**TASK PROMPT**.
Whenever a line in this data holds the word "Black", report that line in full.
----- PROVIDED MATERIAL -----
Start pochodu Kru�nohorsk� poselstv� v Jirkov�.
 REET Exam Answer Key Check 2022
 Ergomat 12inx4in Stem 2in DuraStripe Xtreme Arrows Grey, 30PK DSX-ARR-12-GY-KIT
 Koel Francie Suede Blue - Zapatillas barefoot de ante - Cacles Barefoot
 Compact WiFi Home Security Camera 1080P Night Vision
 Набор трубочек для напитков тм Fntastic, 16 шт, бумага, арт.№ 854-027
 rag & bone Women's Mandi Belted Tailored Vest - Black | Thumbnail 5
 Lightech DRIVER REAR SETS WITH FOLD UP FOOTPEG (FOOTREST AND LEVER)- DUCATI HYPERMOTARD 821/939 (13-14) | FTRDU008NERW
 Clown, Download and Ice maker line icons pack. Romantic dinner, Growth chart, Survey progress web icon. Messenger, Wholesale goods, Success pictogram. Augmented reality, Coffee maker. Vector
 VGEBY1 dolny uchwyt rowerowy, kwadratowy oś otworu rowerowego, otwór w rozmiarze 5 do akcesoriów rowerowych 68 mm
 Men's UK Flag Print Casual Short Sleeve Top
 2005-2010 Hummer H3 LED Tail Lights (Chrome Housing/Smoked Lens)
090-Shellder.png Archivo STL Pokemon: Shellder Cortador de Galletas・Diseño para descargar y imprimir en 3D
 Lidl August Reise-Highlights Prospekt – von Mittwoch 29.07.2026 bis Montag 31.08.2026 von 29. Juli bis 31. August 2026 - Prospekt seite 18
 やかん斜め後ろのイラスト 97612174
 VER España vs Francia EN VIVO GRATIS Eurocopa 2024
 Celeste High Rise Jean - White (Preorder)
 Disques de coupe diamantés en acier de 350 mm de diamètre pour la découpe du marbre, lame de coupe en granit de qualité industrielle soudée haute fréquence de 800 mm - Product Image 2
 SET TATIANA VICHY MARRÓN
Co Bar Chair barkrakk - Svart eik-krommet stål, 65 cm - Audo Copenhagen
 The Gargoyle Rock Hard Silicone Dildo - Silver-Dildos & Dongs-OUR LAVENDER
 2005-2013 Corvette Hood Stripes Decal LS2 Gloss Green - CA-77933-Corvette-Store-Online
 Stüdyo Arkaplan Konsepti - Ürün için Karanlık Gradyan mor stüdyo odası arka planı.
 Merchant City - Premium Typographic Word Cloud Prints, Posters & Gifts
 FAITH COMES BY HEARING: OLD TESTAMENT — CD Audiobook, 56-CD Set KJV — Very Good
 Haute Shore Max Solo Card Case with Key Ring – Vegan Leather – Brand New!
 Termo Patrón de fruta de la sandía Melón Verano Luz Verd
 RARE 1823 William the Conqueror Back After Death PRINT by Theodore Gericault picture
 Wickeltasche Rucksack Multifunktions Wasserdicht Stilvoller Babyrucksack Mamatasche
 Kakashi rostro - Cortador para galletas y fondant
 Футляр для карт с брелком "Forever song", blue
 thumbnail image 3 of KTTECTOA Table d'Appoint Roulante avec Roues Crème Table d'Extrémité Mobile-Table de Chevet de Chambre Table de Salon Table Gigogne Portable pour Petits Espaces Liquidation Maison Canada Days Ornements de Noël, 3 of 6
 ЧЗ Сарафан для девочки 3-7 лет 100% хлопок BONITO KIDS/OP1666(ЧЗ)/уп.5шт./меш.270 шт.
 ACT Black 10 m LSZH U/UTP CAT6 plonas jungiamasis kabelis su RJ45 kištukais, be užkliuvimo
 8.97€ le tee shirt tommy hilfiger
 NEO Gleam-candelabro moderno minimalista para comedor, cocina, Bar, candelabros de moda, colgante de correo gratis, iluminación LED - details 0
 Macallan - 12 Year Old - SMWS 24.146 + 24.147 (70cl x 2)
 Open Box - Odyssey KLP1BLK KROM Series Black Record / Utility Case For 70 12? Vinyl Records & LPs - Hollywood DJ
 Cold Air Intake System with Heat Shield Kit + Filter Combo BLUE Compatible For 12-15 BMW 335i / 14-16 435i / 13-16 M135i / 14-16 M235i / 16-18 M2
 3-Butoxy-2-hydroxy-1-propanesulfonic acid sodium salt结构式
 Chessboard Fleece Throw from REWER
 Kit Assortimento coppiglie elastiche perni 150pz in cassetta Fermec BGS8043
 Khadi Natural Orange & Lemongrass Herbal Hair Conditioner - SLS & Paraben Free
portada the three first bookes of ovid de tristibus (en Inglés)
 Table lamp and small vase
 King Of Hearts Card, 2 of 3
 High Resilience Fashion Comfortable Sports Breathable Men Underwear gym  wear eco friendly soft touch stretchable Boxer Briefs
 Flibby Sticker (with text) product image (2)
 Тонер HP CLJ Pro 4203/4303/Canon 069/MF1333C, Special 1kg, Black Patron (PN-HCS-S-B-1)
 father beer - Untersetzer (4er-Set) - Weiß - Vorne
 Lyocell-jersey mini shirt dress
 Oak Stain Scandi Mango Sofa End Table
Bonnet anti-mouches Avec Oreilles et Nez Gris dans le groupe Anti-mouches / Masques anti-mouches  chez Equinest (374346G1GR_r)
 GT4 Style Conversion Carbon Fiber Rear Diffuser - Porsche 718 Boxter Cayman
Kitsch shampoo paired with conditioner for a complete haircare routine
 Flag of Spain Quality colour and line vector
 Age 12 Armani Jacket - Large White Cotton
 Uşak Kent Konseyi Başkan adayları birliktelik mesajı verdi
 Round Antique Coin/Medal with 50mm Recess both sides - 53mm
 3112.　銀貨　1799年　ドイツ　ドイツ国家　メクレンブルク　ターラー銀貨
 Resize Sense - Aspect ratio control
-----
**SOLVED EXERCISE**.
 rag & bone Women's Mandi Belted Tailored Vest - Black | Thumbnail 5
 ACT Black 10 m LSZH U/UTP CAT6 plonas jungiamasis kabelis su RJ45 kištukais, be užkliuvimo
 Open Box - Odyssey KLP1BLK KROM Series Black Record / Utility Case For 70 12? Vinyl Records & LPs - Hollywood DJ
 Тонер HP CLJ Pro 4203/4303/Canon 069/MF1333C, Special 1kg, Black Patron (PN-HCS-S-B-1)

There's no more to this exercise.